The use of at least 10 heavily armed and well-trained "fedayeen" bore the hallmarks of Pakistan-based militant groups such as Lashkar-e-Taiba.

Kasav, the militant reported to have been captured, confessed to being a member of Lashkar-e-Taiba, newspapers said, but the group has denied any role in the Mumbai attacks.

 

But Pakistan's Foreign Minister Shah Mehmood Qureshi struck a conciliatory note and promised full cooperation.

 

"Whoever has done this is neither your friend nor our friend," he told reporters in New Delhi. "We are not responsible for this, nor is it in our interest to get involved in something like this."

 

The attacks were carried out by at least ten young men armed with rifles and grenades, some of whom arrived by sea, who fanned out across Mumbai on Wednesday night to attack sites popular with tourists and business executives. Of these nine had been killed, Indian police said.

 

Authorities said 18 foreigners were among the dead.
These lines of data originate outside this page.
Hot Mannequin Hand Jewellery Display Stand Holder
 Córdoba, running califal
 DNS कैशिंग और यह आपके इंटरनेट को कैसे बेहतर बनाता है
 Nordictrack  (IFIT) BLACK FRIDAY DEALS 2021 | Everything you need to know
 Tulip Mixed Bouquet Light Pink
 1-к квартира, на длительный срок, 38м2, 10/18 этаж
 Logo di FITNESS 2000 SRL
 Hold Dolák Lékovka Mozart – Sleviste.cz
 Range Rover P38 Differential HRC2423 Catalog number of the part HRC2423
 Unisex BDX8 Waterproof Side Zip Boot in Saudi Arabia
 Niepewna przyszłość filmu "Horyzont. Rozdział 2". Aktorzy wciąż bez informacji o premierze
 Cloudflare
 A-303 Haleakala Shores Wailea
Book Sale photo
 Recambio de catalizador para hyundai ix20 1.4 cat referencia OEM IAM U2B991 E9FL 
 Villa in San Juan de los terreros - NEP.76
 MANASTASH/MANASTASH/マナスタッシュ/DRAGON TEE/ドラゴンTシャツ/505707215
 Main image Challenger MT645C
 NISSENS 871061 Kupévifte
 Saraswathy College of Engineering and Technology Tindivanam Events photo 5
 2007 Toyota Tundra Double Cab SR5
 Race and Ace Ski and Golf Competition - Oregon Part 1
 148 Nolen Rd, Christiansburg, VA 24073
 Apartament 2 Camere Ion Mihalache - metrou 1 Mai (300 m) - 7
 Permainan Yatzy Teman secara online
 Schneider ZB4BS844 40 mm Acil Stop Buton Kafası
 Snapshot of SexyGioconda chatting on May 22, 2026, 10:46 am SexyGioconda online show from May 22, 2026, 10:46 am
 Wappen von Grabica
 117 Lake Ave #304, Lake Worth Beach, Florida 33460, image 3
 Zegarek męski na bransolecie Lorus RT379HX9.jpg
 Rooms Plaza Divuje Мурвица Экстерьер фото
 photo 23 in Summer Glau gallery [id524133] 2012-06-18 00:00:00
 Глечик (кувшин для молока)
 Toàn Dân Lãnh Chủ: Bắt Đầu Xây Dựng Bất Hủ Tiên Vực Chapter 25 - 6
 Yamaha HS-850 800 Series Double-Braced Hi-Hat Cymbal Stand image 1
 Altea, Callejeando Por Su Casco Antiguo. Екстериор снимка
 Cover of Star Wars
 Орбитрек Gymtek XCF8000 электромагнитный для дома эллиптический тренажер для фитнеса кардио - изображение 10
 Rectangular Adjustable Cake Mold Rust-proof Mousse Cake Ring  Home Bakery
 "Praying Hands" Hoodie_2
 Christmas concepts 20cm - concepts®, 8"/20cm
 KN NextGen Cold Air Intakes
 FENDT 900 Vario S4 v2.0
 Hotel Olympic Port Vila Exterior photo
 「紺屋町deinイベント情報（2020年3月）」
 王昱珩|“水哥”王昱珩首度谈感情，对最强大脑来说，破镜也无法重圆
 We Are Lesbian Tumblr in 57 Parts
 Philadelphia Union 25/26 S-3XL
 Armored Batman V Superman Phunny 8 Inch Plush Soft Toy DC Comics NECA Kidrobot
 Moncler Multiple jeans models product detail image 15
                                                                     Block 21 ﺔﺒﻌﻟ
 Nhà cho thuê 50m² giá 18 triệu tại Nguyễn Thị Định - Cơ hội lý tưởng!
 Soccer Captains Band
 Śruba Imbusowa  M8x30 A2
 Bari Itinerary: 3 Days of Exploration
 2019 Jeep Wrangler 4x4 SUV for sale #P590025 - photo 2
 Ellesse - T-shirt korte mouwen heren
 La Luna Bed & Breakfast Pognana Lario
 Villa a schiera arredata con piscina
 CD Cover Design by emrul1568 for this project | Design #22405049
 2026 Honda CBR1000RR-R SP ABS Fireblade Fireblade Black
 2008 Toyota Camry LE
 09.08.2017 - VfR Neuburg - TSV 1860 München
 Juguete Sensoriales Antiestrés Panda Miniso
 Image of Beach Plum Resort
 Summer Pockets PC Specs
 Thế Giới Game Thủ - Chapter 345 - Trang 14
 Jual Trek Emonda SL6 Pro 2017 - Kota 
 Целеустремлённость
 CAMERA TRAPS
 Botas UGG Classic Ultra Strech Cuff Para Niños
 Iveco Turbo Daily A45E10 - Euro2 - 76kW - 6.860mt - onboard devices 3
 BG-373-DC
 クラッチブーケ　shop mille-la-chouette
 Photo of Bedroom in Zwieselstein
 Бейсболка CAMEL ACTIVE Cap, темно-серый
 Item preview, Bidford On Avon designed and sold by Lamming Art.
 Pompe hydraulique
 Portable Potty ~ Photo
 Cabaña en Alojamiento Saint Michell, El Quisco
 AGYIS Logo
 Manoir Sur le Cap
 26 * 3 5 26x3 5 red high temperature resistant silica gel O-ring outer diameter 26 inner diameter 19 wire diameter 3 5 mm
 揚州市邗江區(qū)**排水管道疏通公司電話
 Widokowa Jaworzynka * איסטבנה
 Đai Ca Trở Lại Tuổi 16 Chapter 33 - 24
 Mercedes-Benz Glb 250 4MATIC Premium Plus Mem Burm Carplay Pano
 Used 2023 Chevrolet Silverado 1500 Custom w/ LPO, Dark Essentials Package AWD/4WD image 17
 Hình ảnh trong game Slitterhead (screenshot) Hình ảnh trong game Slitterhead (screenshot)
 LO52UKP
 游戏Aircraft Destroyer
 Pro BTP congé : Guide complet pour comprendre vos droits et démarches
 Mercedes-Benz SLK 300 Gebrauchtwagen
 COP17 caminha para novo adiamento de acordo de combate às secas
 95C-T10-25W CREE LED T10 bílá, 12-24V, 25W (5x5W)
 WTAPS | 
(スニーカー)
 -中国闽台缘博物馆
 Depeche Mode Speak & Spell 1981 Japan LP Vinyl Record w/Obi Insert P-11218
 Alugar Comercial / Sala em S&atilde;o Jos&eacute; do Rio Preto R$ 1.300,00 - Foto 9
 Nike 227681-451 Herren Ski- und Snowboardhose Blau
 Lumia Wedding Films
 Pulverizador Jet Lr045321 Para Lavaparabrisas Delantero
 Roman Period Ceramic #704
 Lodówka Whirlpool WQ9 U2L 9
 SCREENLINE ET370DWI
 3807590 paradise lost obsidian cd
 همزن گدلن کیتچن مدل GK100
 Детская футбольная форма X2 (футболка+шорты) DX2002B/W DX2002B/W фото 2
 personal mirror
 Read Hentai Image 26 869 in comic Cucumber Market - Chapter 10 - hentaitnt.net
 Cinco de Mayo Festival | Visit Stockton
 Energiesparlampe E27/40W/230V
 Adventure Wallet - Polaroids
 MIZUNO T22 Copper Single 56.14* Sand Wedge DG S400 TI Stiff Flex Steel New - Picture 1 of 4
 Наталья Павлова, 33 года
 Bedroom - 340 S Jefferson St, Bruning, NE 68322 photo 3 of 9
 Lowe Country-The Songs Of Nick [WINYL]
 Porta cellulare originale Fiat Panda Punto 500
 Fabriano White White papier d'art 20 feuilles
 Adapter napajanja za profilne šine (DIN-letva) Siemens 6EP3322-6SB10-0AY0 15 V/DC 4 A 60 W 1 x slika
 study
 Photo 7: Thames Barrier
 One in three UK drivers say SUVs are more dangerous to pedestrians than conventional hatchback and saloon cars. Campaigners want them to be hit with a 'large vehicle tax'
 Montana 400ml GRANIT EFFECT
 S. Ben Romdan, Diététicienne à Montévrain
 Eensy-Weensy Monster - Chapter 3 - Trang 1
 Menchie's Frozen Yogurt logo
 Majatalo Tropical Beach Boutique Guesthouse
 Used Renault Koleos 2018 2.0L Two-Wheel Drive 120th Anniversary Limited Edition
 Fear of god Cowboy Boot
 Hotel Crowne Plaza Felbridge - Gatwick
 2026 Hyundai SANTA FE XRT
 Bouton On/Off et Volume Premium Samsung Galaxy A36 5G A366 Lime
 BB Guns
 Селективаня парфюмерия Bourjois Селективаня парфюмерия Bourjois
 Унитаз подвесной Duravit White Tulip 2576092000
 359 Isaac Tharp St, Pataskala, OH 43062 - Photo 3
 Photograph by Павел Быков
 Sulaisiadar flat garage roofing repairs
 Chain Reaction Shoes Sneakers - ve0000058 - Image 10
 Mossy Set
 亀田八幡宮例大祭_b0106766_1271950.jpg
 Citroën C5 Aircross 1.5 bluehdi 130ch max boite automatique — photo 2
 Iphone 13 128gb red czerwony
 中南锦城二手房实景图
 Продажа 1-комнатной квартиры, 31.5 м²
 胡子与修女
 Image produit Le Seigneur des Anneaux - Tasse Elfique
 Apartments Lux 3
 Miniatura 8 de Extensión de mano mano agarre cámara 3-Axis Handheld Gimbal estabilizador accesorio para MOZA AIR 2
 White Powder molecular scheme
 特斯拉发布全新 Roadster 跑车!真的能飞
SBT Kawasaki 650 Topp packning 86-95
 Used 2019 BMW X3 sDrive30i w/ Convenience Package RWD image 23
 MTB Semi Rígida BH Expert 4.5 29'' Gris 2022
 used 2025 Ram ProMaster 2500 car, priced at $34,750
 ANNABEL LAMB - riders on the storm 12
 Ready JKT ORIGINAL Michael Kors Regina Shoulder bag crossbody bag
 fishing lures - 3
Three Germans, five Americans, one Australian, a Briton, one Canadian, two French, an Italian, a Japanese, a Singaporean and a Thai, were among the dead, according to various governments.

 

Eight Israelis were killed in the attacks by Islamist militants that ravaged the Indian commercial capital Mumbai, a foreign ministry spokesman said on Saturday. Six were killed in Chabad House, a Jewish cultural centre that was stormed by Indian commandos on Friday, and the other two died in attacks elsewhere in the city.

 

Three Turkish citizens were also among the ones taken hostage in the hotels. Three of them were rescued and returned to Turkey.